MDC-T legislator Evelyn Muzungu Masaiti yesterday blasted the Local Government ministry for conducting demolitions of houses during the rainy season saying this affected women and children most.
Masaiti raised the issue during a sitting of the Parliamentary Portfolio Committee on Women’s Affairs, Gender and Community Development chaired by Zanu PF Goromonzi West MP Biata Nyamupinga where Local Government human resources director Erica Jones had appeared to speak on gender mainstreaming in the ministry. Her concern comes after six houses in Dema, Seke, were razed down for allegedly being built on illegal land.
“These demolitions affect women and children and I wonder if you consider the season in which you decide to demolish houses,” Masaiti said.
“It is now the rainy season and we feel it is not fair to demolish houses now because it is women and children who will suffer most.”
Jones told the committee that the ministry would soon unveil a national housing policy that would take into cognisance gender issues.
She said about 52% of women had benefited from nationwide housing projects targeting 16 508 people.
However, she said there was a disparity when it came to gender equity in terms of jobs in the ministry where the construction industry did not employ many women because of perceptions that they were not strong enough for the job.

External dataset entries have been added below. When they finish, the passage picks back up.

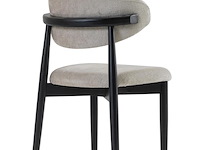 6x design eetkamerstoelen zwart - afbeelding 4 van  5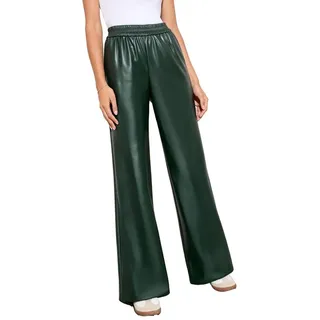 Friends Like These Lederhose Friends Like These Hose mit Stretch, Petite (1-tlg) grün 38 (GB: 10)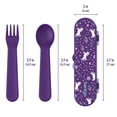 thumbnail image 5 of Bentgo Kids Utensil Set - Reusable Plastic Fork, Spoon & Storage Case - BPA-Free Materials, Easy-Grip Handles, Dishwasher Safe - Ideal for School Lunch, Travel, & Outdoors (Unicorn), 5 of 7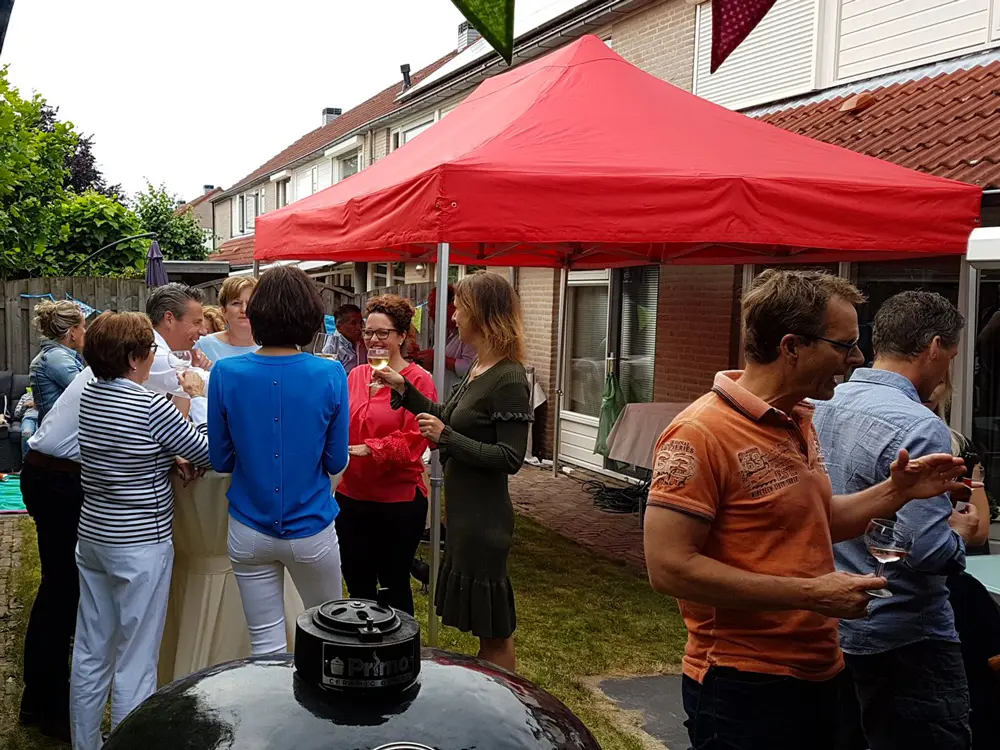 Einde reeks: vouwtent 3 x 4,5 m Solid 50 (zonder zijwanden)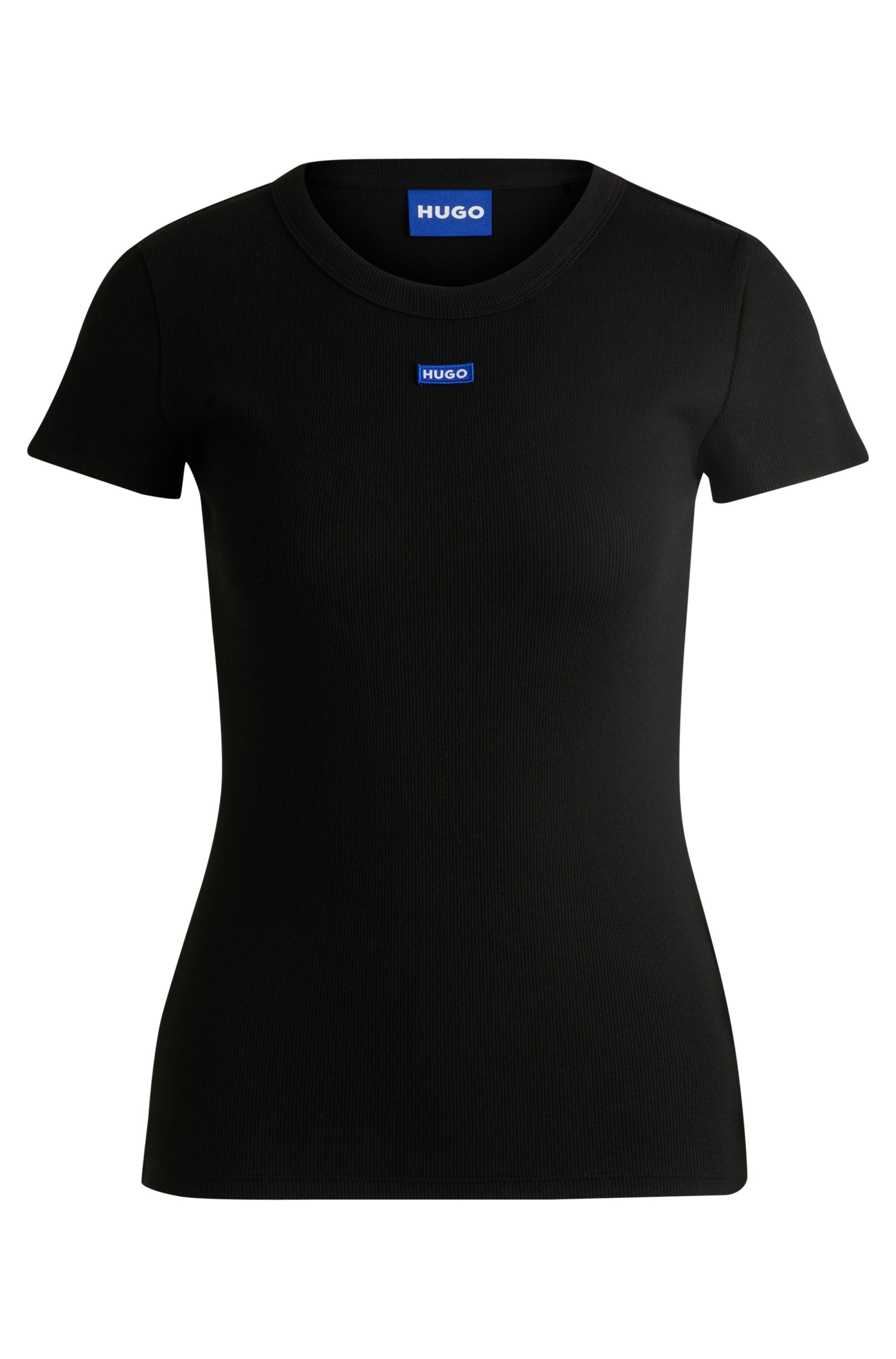 HUGO Blue T-Shirt »Easy Tee_B«, mit HUGO Aufnäher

“Only 7% of senior managers at local authorities are women and only 20 out of 80 board members at local authorities are women,” she said.

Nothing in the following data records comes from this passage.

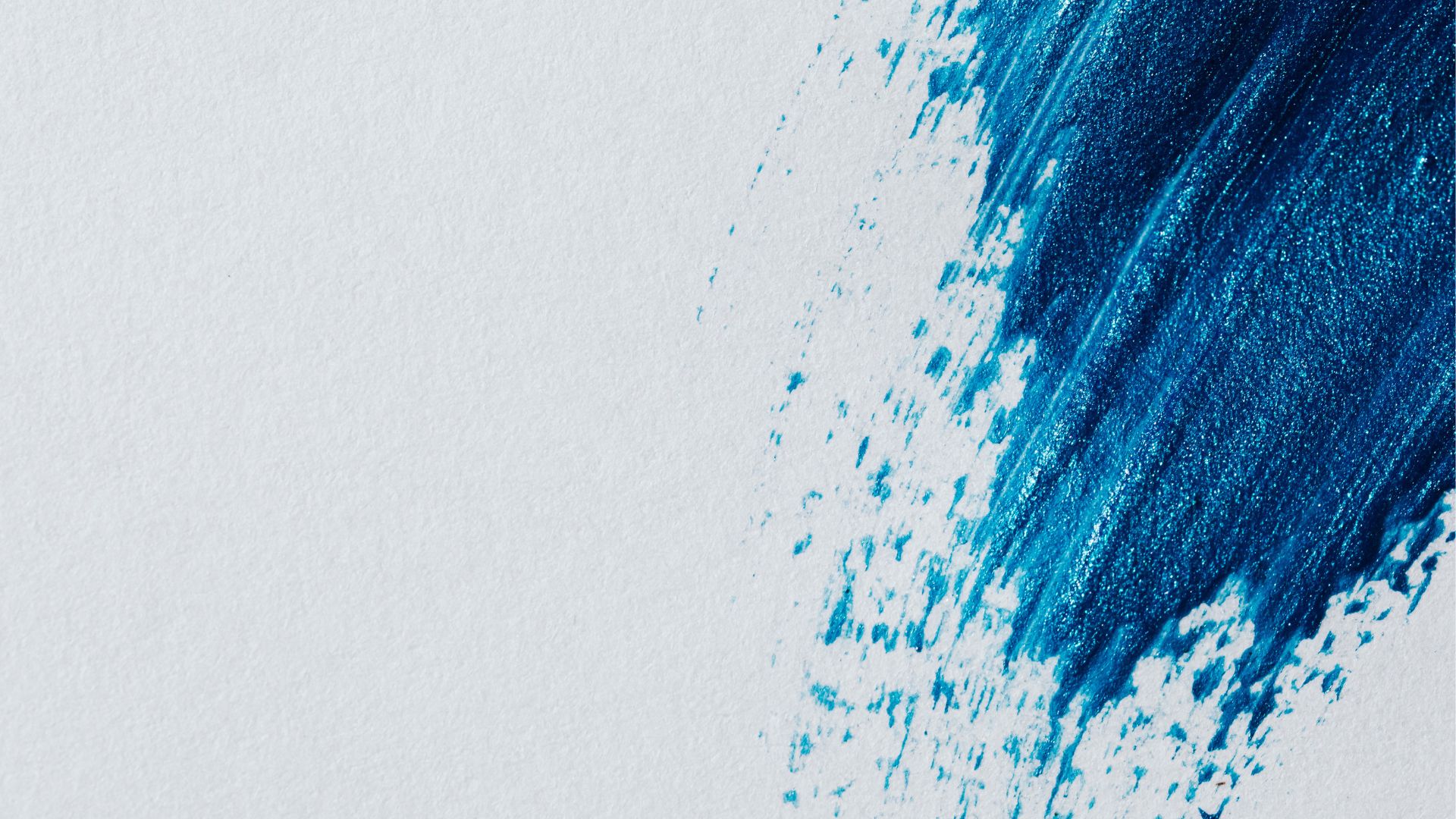 Blue Paint in White Background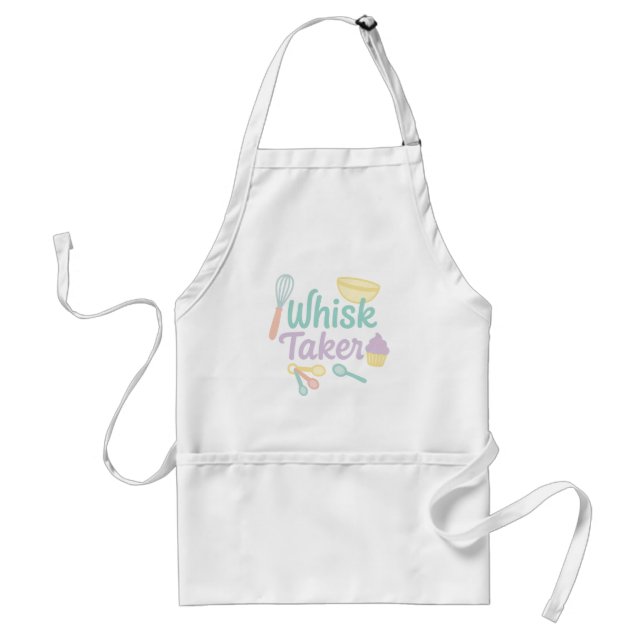 Whisk Taker – Playful Pastel Kitchen Apron Schürze (Vorne)
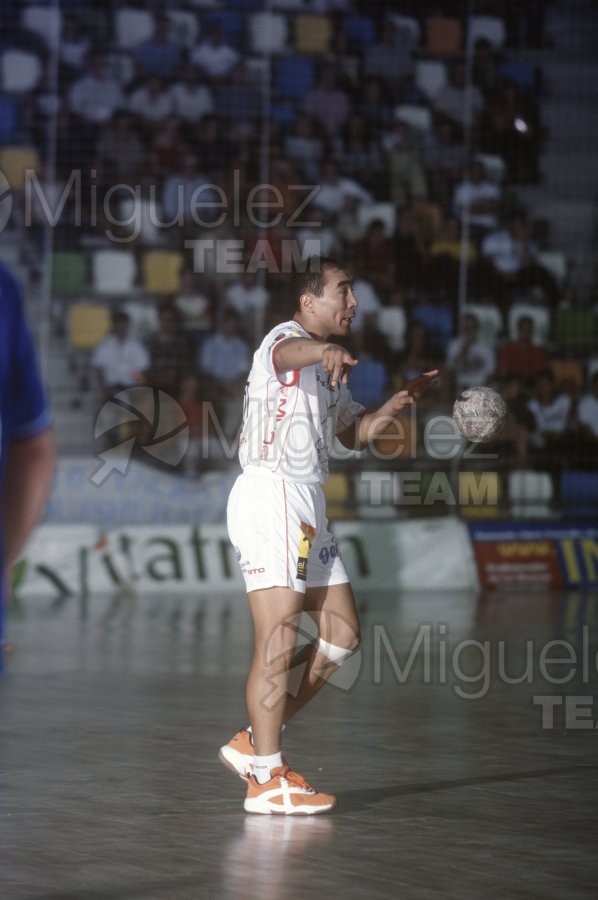Partido de Liga ASOBAL entre CIUDAD REAL y otro en su pabellón de CIUDAD REAL. 2003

Director of human resources in the Mines and Mining Development ministry Hamandishe Chenyengetere admitted that there were discrepancies in involvement of women in mining activities as well as enrolment of girls to take up mining courses at the Zimbabwe School of Mines.
Chengetere attributed this to poor performance of girls in science subjects and reluctance to employ women in mining ventures due to that they fell pregnant.
But, Nyamupinga said there was no excuse to deny women employment at mines because they fell pregnant, adding pregnancy was only for a period of nine months.